*The problem*.
Return each line of the records with nothing changed, pictures excepted.

Crawled caption data:
***

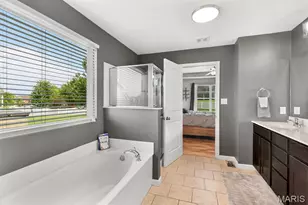 802 Railway Cir, Wentzville, MO 63385 - Photo 22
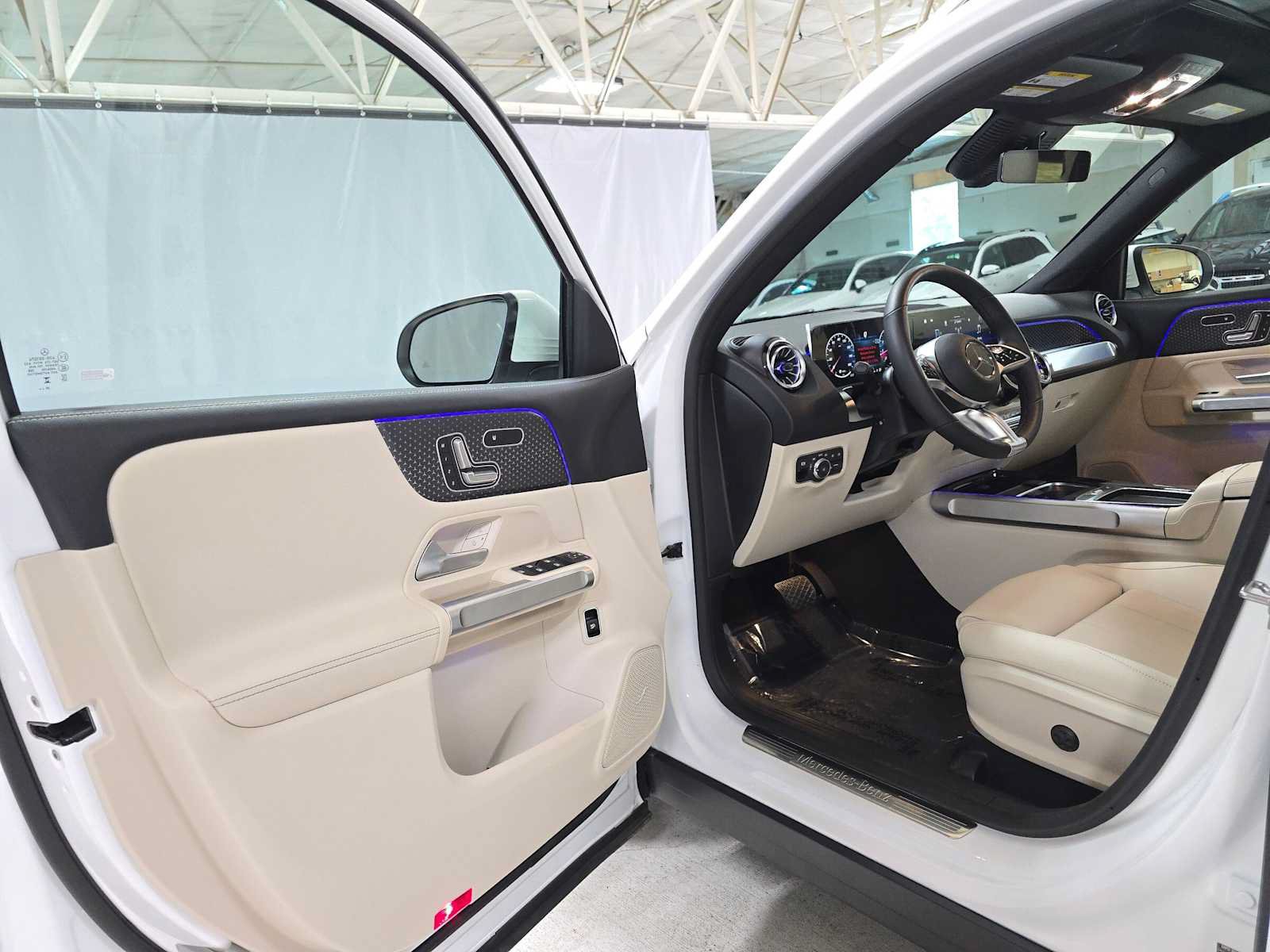 Certified 2026 Mercedes-Benz GLB 250 4MATIC image 19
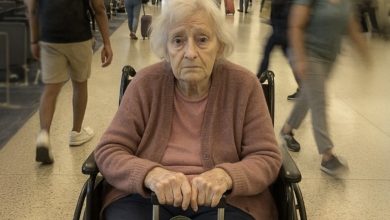 Photo of My Family Abandoned Grandma at the Airport and Left for Vacation Without Her—They Never Saw My Revenge Coming.
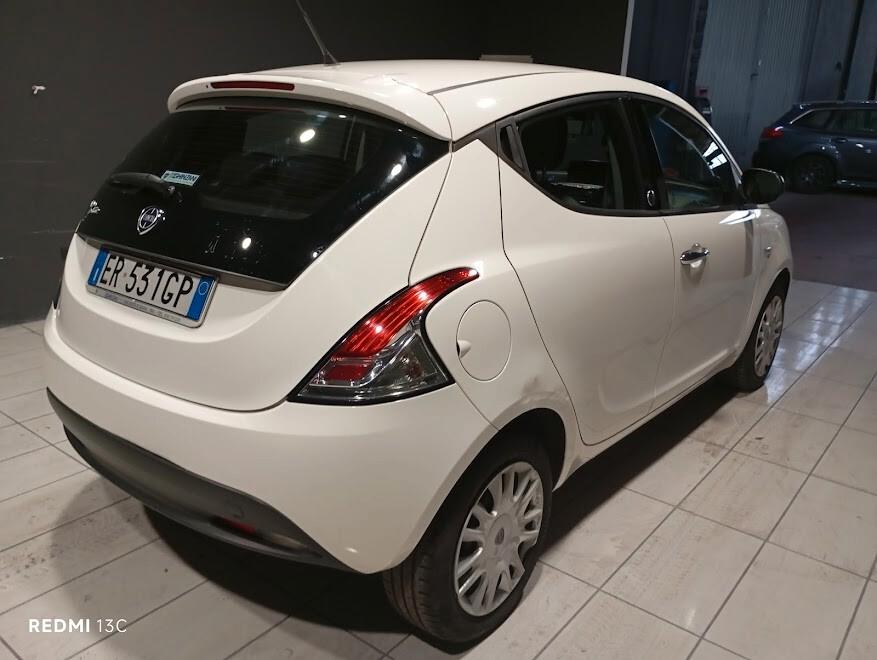 Lancia Ypsilon del 2013 BENZINA / GPL FINO 2033
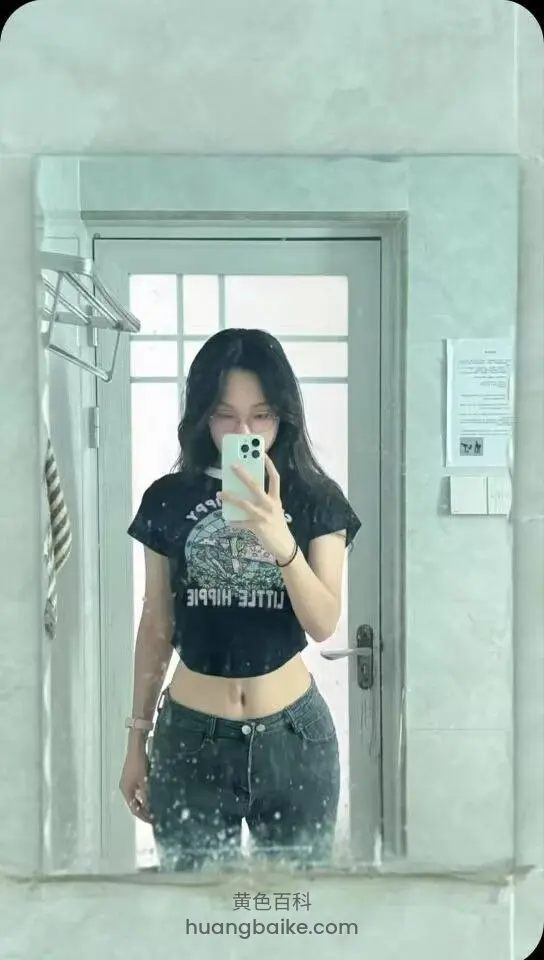 浴室镜子前拍全身，拿着手机对着镜子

***

*Solution below*.
 802 Railway Cir, Wentzville, MO 63385 - Photo 22
 Certified 2026 Mercedes-Benz GLB 250 4MATIC image 19
 Photo of My Family Abandoned Grandma at the Airport and Left for Vacation Without Her—They Never Saw My Revenge Coming.
 Lancia Ypsilon del 2013 BENZINA / GPL FINO 2033
 浴室镜子前拍全身，拿着手机对着镜子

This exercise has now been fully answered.